Bundeskanzlerin Angela Merkel (CDU) und Annalena Baerbock, Bundesvorsitzende von Bündnis 90/Die Grünen, im Gespräch.
Bild: Kay Nietfeld/dpa
Schlichte Verzweiflung im Überlebenskampf zeigte sich bei einzelnen Mitgliedern der beiden Volksparteien CDU und SPD im Dezember. Während Ralf Stegner von der SPD einen langfristigen Zusammenschluss mit der Linken als notwendig betrachtete, gingen 24 CDU-Bundestagsabgeordnete sogar so weit, offen für eine Änderung des Wahlsystems zu plädieren. Diese würde der Erststimme mehr Bedeutung einräumen und damit die Sitzverteilung zugunsten der großen Parteien verschieben, ohne dass neue Wähler dazugewonnen werden müssten. Mit jeder Wahl schwinden Stimmanteile und die Bedeutung der politischen Urparteien geht zurück; doch ist das eine Gefahr für unsere Demokratie?
Über kurz oder lang werden die CDU und die SPD flächendeckend von ihrer politischen Führungsrolle abgelöst werden und vorerst nur noch Nebenspieler auf der politischen Bühne sein. Und das ist natürlicher, als wir bisher oft dachten. Die Verhältniswahl mit vielen verschiedenen Parteien macht innerparteiliche Veränderungsprozesse langwierig und uninteressant. Entsteht eine Repräsentationslücke und ein neuer politischer Ansatz kommt auf, ist es ein zäher und schwieriger Weg, diesen in einer bestehenden Großpartei zu verankern. Zumal in der jüngeren Vergangenheit immer öfter der offene, innerparteiliche Diskurs zugunsten der Harmonie kleingehalten wurde. Schneller vorstoßen lässt es sich da mit einer eigenen Bewegung mit neuem Profil, die es letztendlich bis zu einer eigenen Partei schaffen kann.
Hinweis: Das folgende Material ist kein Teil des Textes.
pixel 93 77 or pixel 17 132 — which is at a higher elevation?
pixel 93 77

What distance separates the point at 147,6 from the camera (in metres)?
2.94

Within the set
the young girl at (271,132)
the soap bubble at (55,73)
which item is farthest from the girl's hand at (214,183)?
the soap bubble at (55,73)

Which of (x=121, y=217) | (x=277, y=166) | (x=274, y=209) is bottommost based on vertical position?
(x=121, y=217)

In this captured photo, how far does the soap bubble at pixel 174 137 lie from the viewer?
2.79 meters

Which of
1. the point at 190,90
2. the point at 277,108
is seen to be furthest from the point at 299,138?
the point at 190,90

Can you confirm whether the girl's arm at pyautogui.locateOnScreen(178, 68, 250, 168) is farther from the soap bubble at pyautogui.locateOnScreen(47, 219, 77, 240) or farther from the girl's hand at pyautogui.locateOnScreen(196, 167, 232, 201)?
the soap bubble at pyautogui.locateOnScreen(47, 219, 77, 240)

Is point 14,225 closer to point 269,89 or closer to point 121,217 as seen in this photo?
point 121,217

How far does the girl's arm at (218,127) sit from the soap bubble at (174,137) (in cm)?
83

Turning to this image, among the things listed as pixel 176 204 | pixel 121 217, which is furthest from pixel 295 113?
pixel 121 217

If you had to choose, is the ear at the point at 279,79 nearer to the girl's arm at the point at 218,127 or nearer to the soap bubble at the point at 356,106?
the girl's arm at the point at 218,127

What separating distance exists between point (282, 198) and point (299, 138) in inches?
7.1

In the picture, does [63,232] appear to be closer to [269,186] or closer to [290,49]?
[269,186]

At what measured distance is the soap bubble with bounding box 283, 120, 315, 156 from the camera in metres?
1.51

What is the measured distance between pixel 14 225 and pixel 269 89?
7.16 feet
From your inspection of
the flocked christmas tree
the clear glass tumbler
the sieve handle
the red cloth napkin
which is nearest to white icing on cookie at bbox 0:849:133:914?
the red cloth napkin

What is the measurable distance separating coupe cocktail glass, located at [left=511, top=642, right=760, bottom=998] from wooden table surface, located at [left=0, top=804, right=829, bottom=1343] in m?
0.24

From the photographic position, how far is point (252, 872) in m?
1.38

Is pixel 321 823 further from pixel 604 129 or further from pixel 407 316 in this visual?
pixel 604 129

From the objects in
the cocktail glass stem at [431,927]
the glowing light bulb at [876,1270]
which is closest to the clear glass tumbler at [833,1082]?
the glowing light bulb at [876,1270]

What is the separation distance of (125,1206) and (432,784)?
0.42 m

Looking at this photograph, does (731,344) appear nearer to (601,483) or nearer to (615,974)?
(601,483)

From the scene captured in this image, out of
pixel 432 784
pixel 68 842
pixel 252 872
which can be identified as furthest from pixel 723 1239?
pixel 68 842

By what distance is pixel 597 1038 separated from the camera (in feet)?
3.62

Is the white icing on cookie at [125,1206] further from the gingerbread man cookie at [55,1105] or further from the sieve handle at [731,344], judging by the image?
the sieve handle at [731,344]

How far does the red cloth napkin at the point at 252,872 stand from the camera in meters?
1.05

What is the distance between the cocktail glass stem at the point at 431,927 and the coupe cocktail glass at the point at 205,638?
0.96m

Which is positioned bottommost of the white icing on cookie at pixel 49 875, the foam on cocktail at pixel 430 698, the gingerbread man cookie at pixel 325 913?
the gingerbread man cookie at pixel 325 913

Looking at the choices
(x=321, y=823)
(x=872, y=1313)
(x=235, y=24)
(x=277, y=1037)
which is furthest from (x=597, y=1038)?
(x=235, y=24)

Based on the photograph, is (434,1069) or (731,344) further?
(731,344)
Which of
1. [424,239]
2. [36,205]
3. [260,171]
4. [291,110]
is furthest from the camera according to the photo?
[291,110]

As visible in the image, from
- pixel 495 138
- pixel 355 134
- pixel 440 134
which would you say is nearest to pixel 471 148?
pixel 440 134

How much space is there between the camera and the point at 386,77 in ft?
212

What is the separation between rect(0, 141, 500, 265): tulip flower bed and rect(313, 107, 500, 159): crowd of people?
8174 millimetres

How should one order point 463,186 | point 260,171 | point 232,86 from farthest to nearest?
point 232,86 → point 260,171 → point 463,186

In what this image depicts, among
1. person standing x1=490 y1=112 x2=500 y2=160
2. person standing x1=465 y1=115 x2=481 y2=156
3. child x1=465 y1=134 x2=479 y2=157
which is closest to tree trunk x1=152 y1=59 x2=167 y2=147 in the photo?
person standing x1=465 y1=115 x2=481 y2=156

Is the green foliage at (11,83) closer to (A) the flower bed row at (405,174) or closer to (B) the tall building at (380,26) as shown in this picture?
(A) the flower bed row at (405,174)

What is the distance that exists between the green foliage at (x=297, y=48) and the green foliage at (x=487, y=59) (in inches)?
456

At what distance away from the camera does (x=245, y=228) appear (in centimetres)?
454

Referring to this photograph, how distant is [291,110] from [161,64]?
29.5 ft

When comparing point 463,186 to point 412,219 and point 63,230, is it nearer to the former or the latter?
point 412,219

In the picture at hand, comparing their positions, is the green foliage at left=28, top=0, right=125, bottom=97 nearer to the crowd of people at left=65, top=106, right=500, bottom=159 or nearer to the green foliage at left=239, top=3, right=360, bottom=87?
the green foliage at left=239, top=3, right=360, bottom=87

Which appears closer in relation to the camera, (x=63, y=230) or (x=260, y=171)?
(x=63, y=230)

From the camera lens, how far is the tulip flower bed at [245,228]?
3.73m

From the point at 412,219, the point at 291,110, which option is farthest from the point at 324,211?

Ein historisches Beispiel dafür sind die Grünen: In ihrer Gründungszeit wäre es unvorstellbar gewesen, die Forderungen in den Programmen von CDU oder SPD unterzubringen. Es hat weitere Jahrzehnte gedauert, bis beide Volksparteien die Bedeutung der grünen Themen für die Gesellschaft erkannt haben und ansatzweise in ihre Profile mit aufgenommen haben. Heute sind diese Themen gesellschaftlich sehr im Fokus und die Grünen damit zum aussichtsreichen Regierungsanwärter aufgestiegen.
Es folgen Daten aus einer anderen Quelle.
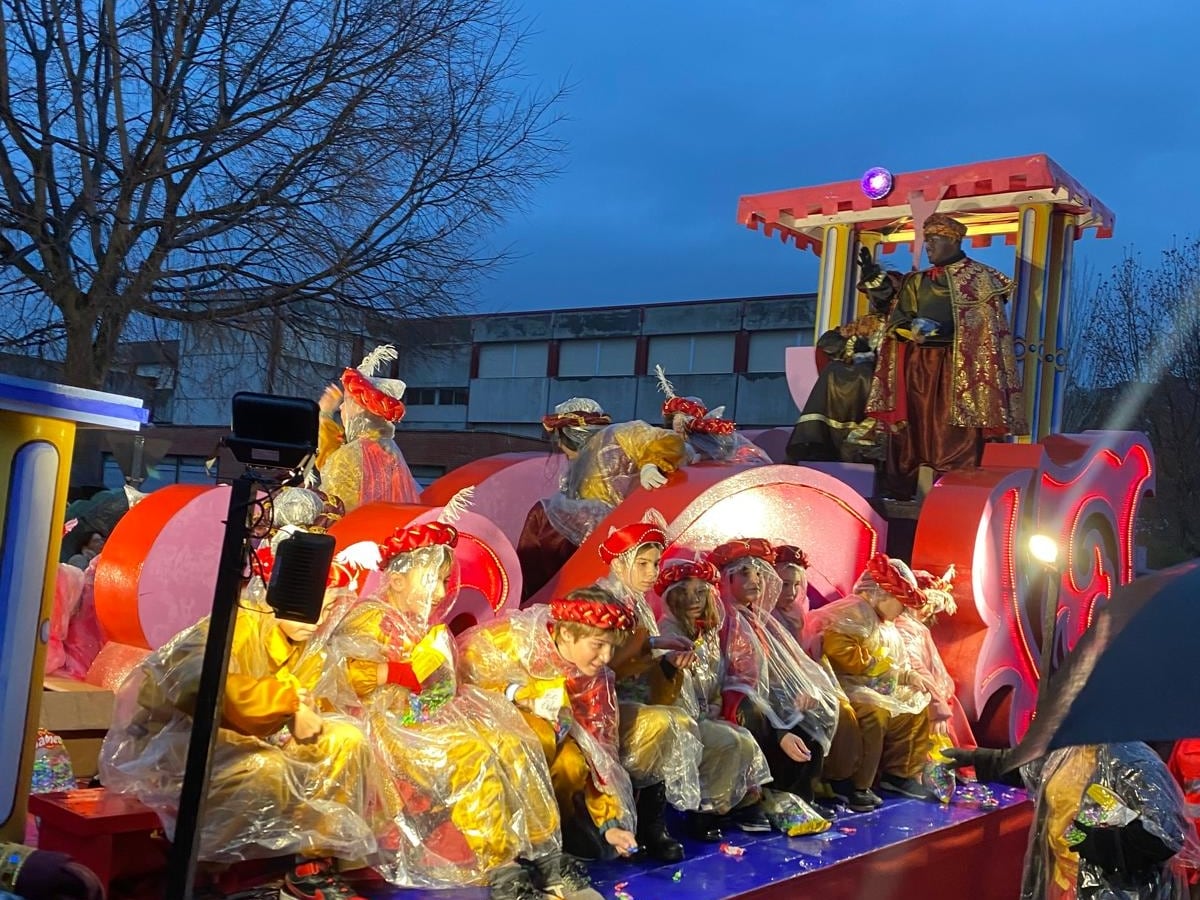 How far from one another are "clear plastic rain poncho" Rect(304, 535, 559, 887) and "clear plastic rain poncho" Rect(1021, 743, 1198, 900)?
1574mm

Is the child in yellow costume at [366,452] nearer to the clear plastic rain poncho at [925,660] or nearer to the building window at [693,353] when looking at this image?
the clear plastic rain poncho at [925,660]

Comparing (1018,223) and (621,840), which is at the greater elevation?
(1018,223)

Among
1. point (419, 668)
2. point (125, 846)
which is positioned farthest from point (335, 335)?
point (125, 846)

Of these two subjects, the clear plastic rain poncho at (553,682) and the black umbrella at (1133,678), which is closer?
the black umbrella at (1133,678)

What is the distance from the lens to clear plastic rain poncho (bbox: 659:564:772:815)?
4891 mm

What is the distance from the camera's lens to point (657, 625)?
17.1 feet

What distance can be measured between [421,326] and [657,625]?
14.5 feet

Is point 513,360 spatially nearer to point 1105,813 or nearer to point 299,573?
point 1105,813

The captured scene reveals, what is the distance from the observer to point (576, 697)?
4477 millimetres

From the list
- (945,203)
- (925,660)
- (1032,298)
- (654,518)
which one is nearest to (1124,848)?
(654,518)

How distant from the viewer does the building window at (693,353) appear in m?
28.6

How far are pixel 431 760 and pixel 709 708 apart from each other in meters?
1.57

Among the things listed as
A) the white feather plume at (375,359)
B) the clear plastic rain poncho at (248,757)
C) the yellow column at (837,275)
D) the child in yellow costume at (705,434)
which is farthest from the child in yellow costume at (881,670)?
the yellow column at (837,275)

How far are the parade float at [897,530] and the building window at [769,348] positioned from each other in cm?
1744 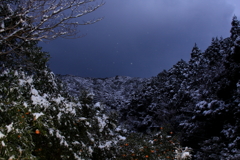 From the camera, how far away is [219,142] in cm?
913

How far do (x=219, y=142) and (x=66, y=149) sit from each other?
322 inches

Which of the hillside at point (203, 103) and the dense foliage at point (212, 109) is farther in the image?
the hillside at point (203, 103)

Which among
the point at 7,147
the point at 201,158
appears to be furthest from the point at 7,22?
the point at 201,158

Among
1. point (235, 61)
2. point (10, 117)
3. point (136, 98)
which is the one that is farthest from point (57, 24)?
point (136, 98)

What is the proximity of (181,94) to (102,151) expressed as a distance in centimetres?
1841

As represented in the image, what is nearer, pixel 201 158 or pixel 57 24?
pixel 57 24

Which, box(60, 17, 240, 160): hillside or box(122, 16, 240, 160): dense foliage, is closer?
box(122, 16, 240, 160): dense foliage

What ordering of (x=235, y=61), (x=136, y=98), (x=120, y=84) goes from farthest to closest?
(x=120, y=84) < (x=136, y=98) < (x=235, y=61)

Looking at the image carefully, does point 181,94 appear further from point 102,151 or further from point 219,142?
point 102,151

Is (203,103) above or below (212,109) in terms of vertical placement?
above

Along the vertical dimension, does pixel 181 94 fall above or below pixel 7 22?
Result: above

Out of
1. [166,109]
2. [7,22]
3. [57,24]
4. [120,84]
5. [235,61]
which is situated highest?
[120,84]

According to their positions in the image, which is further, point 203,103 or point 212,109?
point 203,103

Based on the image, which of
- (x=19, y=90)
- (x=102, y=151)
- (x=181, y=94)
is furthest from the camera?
(x=181, y=94) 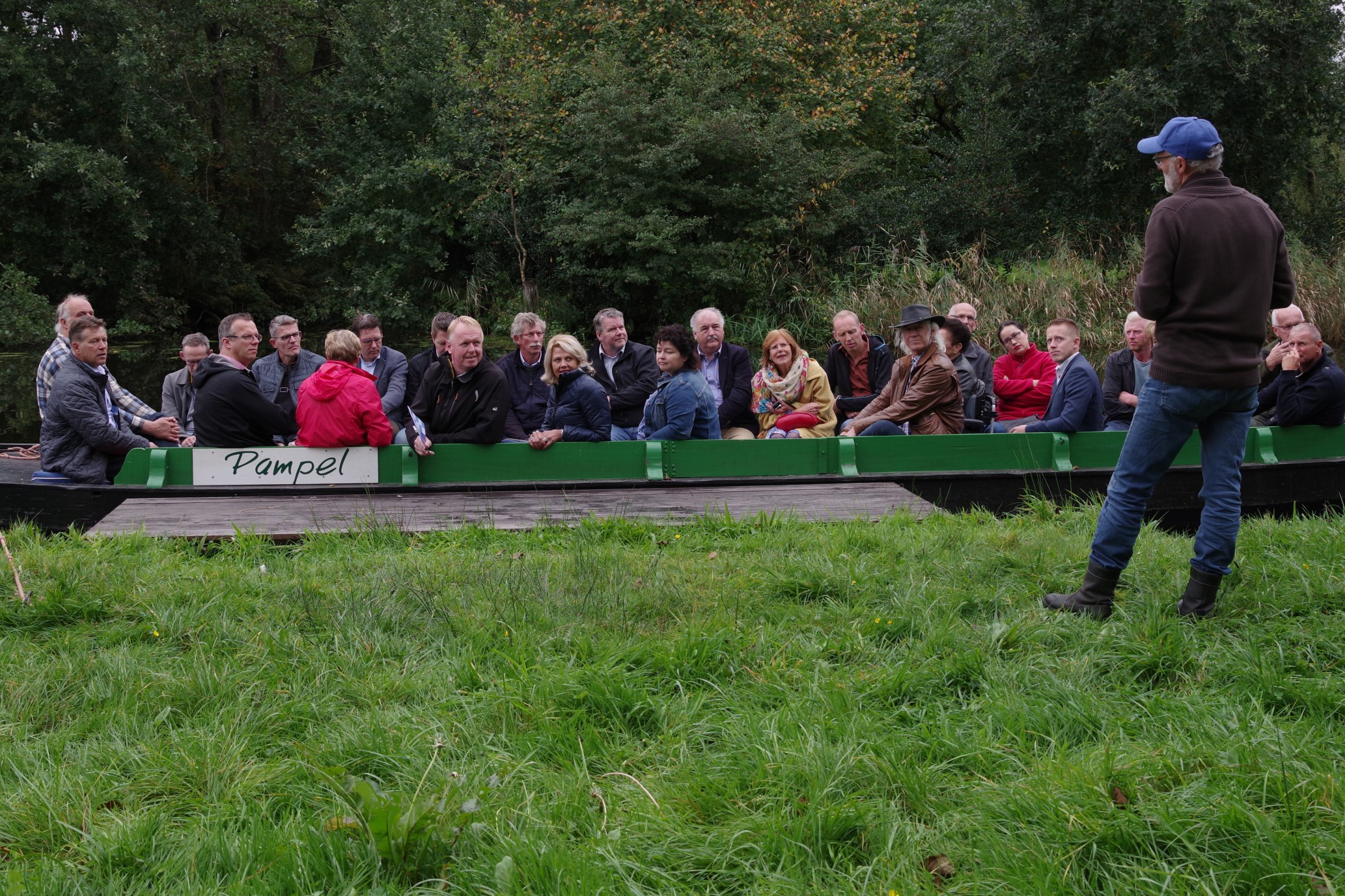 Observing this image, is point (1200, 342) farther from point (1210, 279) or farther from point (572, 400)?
point (572, 400)

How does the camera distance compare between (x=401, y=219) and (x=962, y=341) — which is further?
(x=401, y=219)

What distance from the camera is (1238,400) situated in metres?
3.77

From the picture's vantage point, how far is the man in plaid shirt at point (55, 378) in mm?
6766

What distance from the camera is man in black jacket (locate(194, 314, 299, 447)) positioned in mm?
6488

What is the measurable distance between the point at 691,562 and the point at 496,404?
2.10m

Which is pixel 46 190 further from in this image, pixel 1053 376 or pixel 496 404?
pixel 1053 376

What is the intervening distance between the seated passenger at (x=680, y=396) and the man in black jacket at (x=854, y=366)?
1589 millimetres

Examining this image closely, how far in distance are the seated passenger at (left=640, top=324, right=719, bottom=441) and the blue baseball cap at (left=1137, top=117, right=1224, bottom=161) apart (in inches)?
129

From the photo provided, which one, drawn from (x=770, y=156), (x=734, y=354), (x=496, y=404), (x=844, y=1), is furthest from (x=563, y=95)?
(x=496, y=404)

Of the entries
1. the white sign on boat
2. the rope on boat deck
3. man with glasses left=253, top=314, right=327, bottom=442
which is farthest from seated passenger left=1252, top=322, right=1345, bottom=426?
the rope on boat deck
Natürlich bleiben aber auch regierende Parteien nicht ohne Veränderung. Die CDU ist mehr in die politische Mitte gerückt, da der politische Konservatismus aus den ersten Jahren der Bundesrepublik so heute weniger gefragt ist. Die SPD musste neue Wählergruppen ansprechen und sich dafür von einzelnen sozialdemokratischen Werten distanzieren. Oft wird ihr gerade das zum Vorwurf gemacht und als Grund für den Bedeutungsverlust ausgemacht. Dabei wird vergessen, dass es die typische SPD-Wählerschaft aus der Mitte des 20. Jahrhunderts in ihrer damaligen Form auch nicht mehr gibt. Ein „Arbeiter“ aus heutiger Zeit hat eine andere Arbeit, einen anderen Lebensstil und damit auch neue Anforderungen an die Politik. Andersherum betrachtet müssen wir daher erkennen: Ohne Veränderungen und Profil hätte es vielleicht schon eher andere Parteien in der Regierung gegeben.
Ganz genauso verhält es sich mit den gesellschaftlichen Themen. Es ist ein hoher Verdienst von CDU und SPD der vergangenen Jahrzehnte, dass Deutschland ein starkes Sozialsystem und eine stabile Wirtschaft hat. Aber die Zeit bringt neue Themen mit sich und damit neue Vordenker in diesen Bereichen. Alles hat seine Zeit – für Themen des Klimaschutzes oder der Digitalisierung gibt es mittlerweile einfach authentischere Vertreter im Parlament, denen die Regierung unseres Landes auch zugetraut wird. Wir Deutsche hängen an unseren Gründungsparteien. Politische Legenden aus CDU und SPD haben jetzt 70 Jahre den Regierungsvorsitz gehalten.
Doch nun müssen wir uns freimachen von dieser Nostalgie und Offenheit für neue politische Strömungen in unserer lebhaften Demokratie zeigen. Nur so bleibt Politik lebendig und bietet ernsthafte Alternativen. Das ist das Wichtigste, um dem aufsteigenden Populismus entgegenzuwirken und Politikverdrossenheit zu verhindern.